**Provided data**
┌──

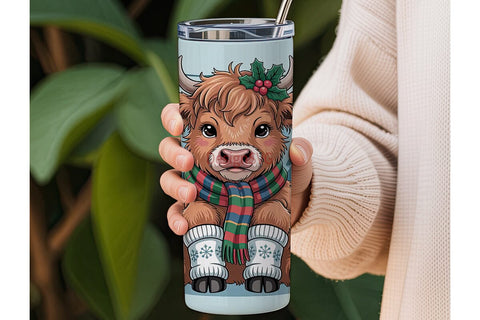 Christmas Highland Cow 20oz Tumbler Sublimation DesignSVG 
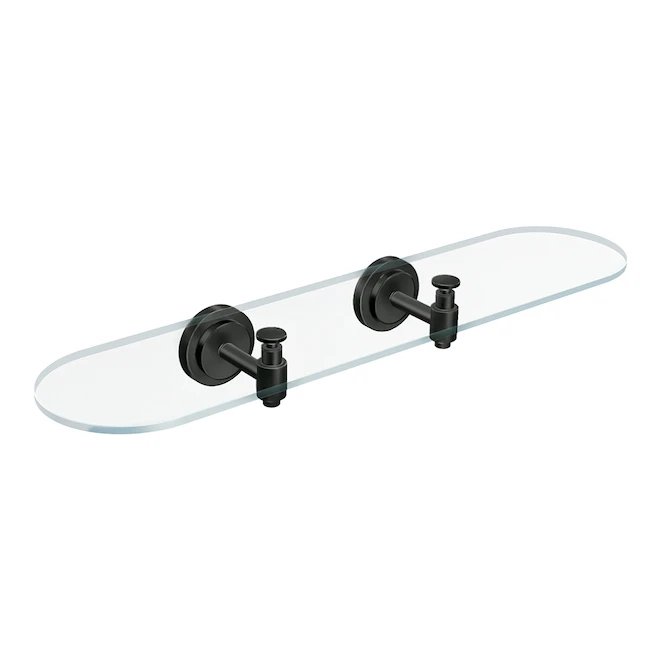 Moen Iso 20.4-in Matte Black And Glass Vanity Shelf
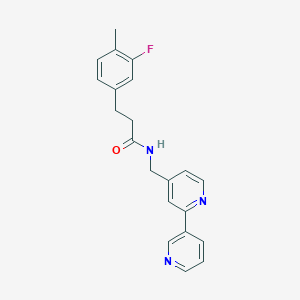 molecular formula C21H20FN3O B3016381 N-([2,3'-bipyridin]-4-ylmethyl)-3-(3-fluoro-4-methylphenyl)propanamide CAS No. 1903677-61-1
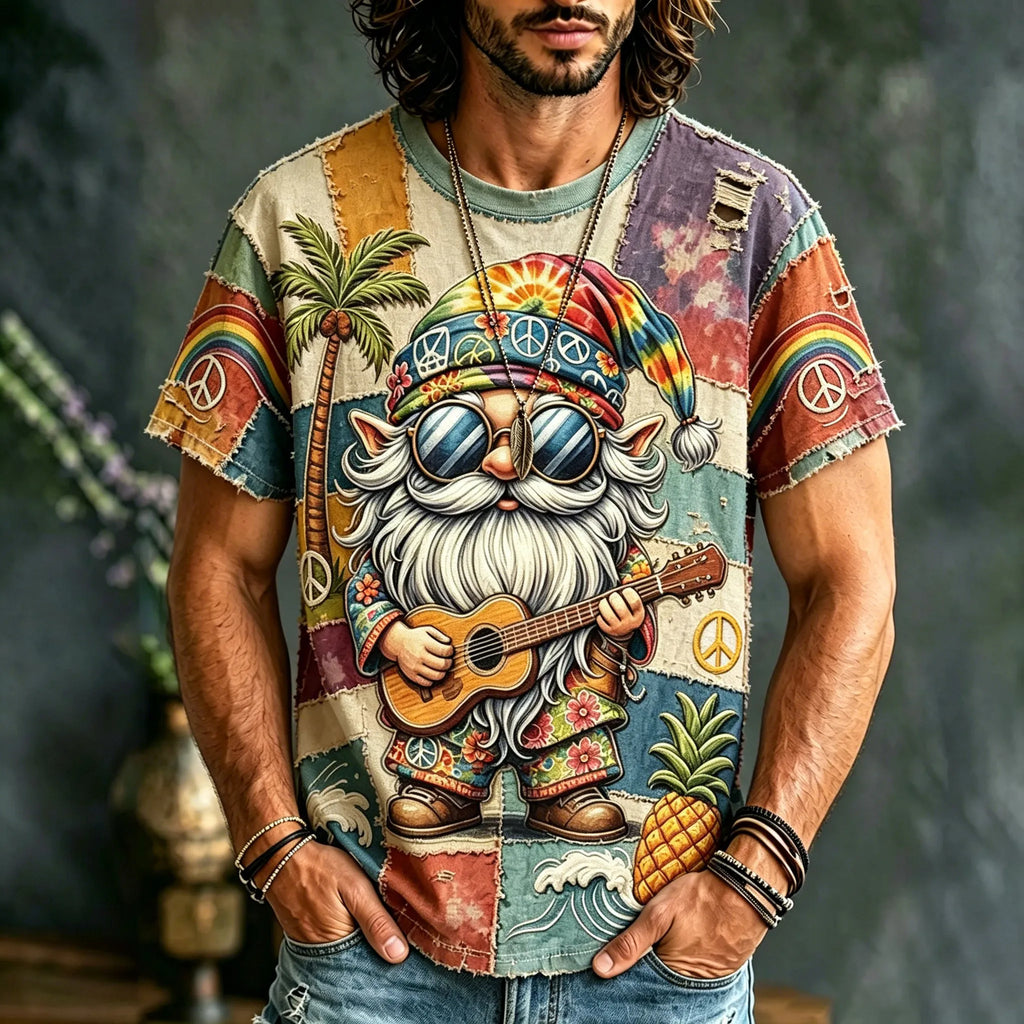 Men's Hippie Guitar Patchwork Print Short-sleeve Linen T-shirt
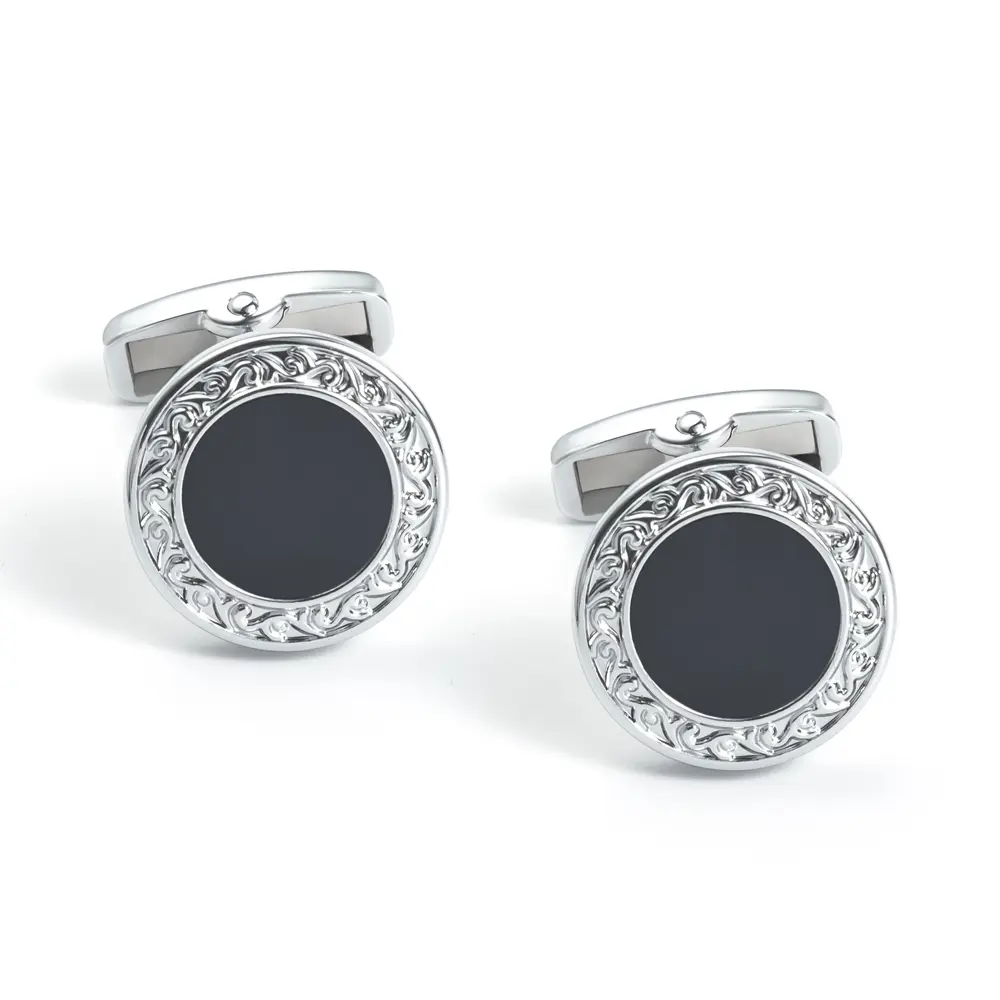 ODM Hot Selling Vintage Round Greek Enamel Cufflinks for Shirt Men Cufflinks For Shirt CCW0089 Manufacturers, Factories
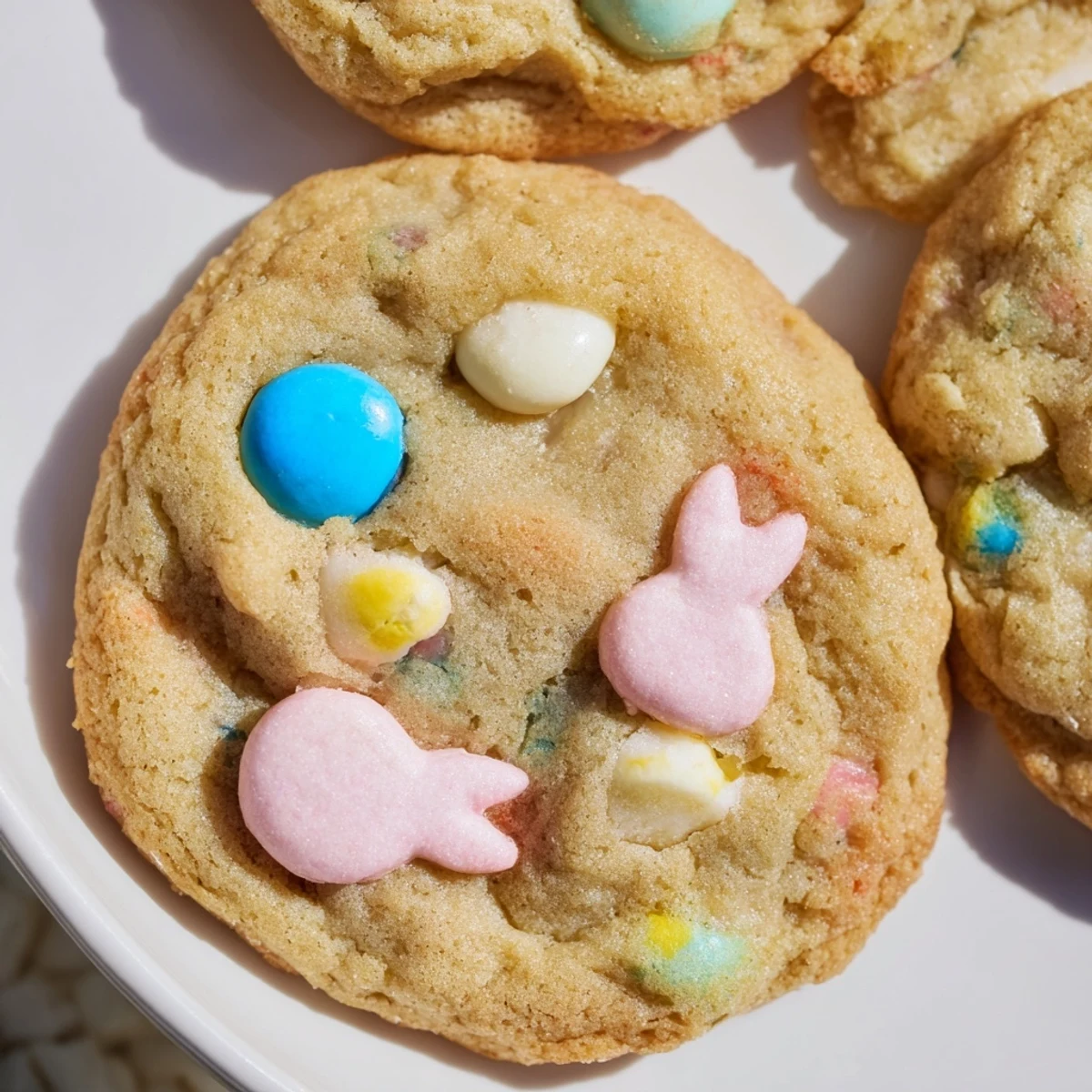 Chewy M&M Bunny Cookies with melted chocolate chips and bright spring-colored candies displayed on a white platter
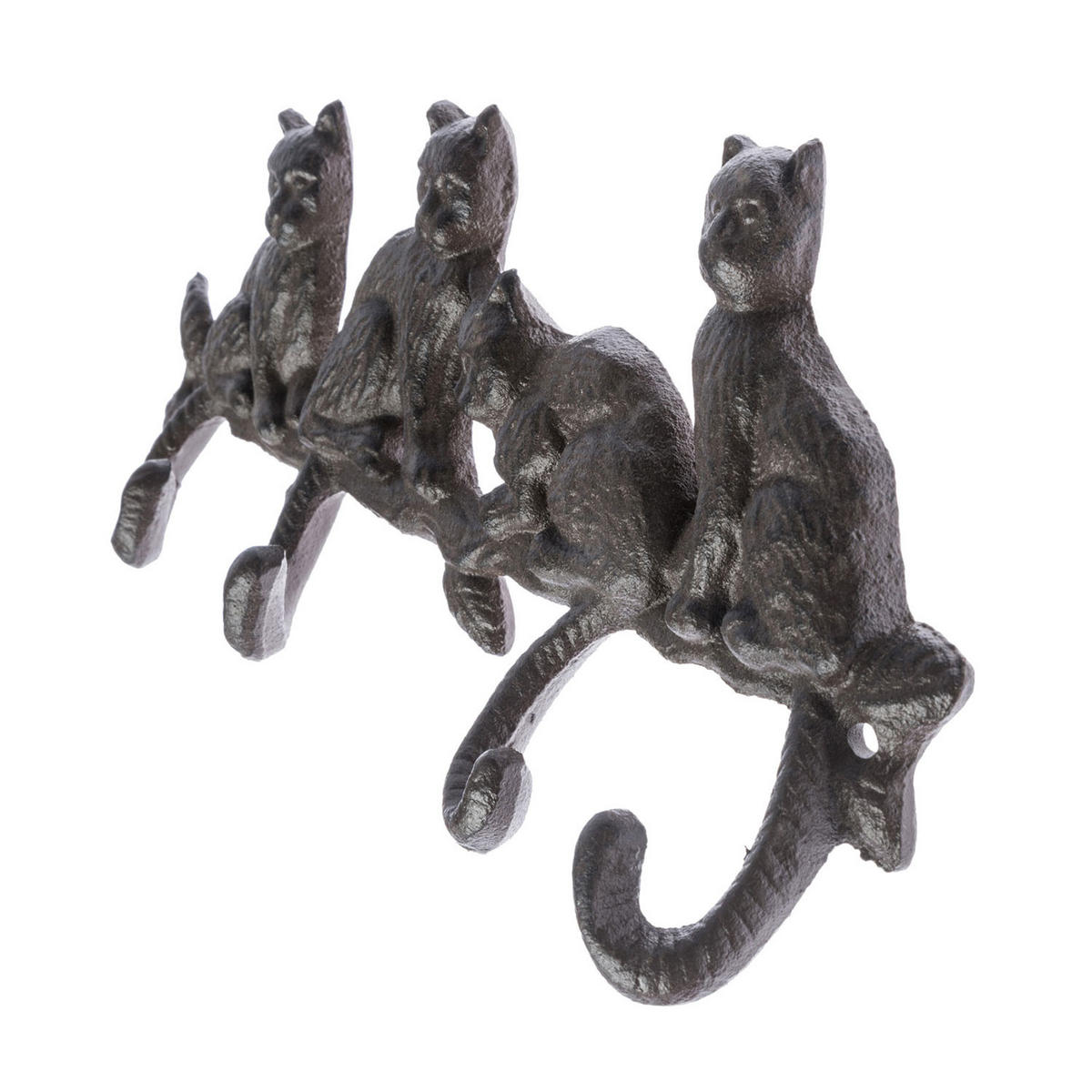 HAKENLEISTE Katzen, Gusseisen - Braun, Metall (28/13/4cm) - Homescapes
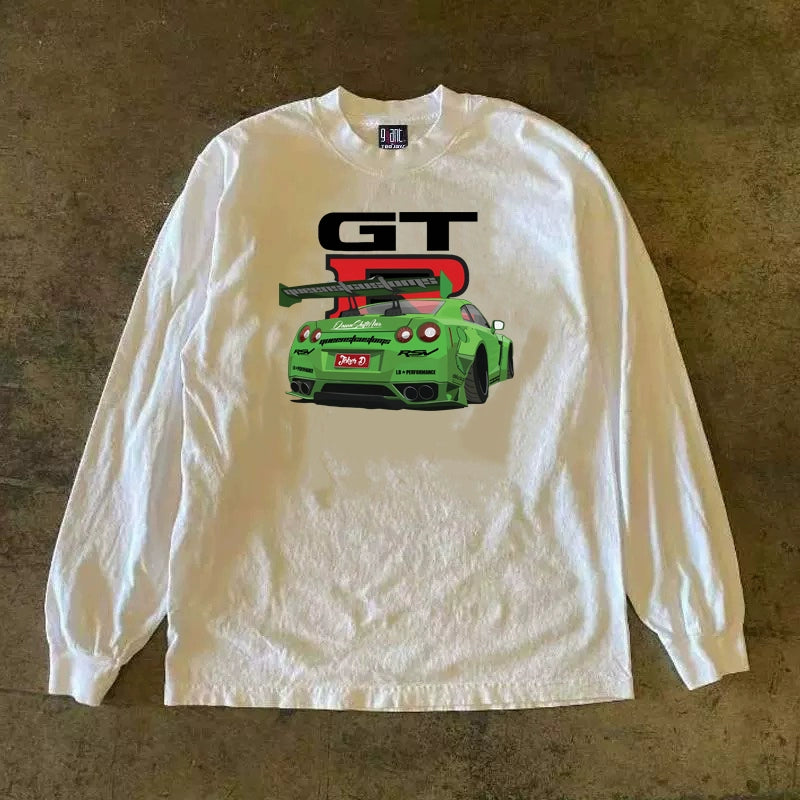 Vintage American GTR Sports Car Graphic Long Sleeve T-Shirt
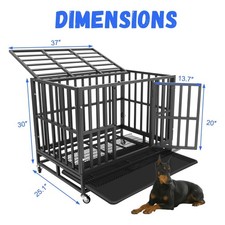37" Heavy Duty Dog Crate Cage Kennel Metal Pet Crate Indoor Outdoor Pet Kennel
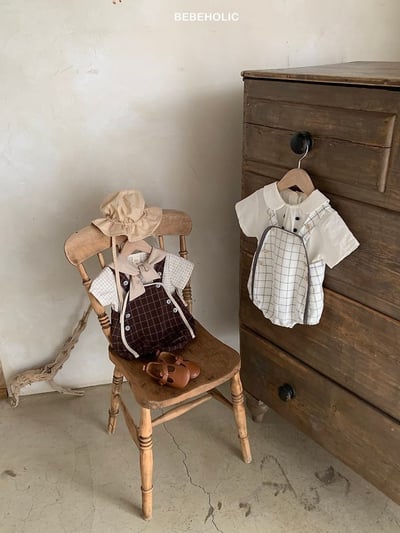 Bebe holic13｜(3m-18m) 曲奇格背帶褲3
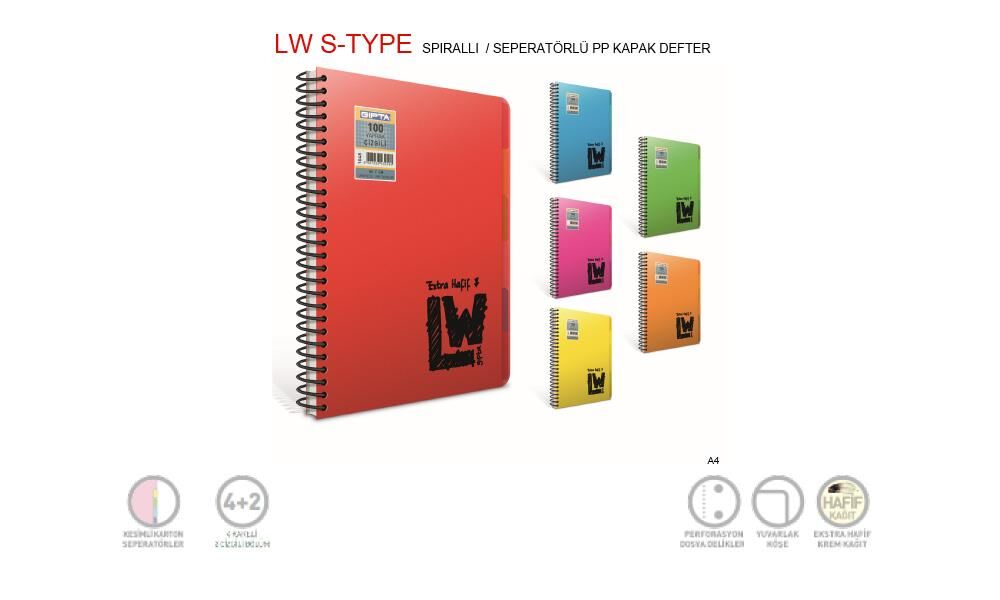Gıpta Lw S-Type A4 200yp 4+2 Sep.Pp Kp. Defter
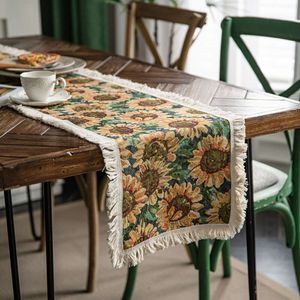 Tavolo bandiera olio dipinto stile girasole europeo di alto livello mobile tv bordo pranzo tavolo decorativo tavolo a strisce lunghe tovaglia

└──

**What is expected**
In your copy, restate the data above word for word but leave out any picture.

**Result of the exercise**
 Christmas Highland Cow 20oz Tumbler Sublimation DesignSVG 
 Moen Iso 20.4-in Matte Black And Glass Vanity Shelf
 molecular formula C21H20FN3O B3016381 N-([2,3'-bipyridin]-4-ylmethyl)-3-(3-fluoro-4-methylphenyl)propanamide CAS No. 1903677-61-1
 Men's Hippie Guitar Patchwork Print Short-sleeve Linen T-shirt
 ODM Hot Selling Vintage Round Greek Enamel Cufflinks for Shirt Men Cufflinks For Shirt CCW0089 Manufacturers, Factories
 Chewy M&M Bunny Cookies with melted chocolate chips and bright spring-colored candies displayed on a white platter
 HAKENLEISTE Katzen, Gusseisen - Braun, Metall (28/13/4cm) - Homescapes
 Vintage American GTR Sports Car Graphic Long Sleeve T-Shirt
37" Heavy Duty Dog Crate Cage Kennel Metal Pet Crate Indoor Outdoor Pet Kennel
 Bebe holic13｜(3m-18m) 曲奇格背帶褲3
Gıpta Lw S-Type A4 200yp 4+2 Sep.Pp Kp. Defter
 Tavolo bandiera olio dipinto stile girasole europeo di alto livello mobile tv bordo pranzo tavolo decorativo tavolo a strisce lunghe tovaglia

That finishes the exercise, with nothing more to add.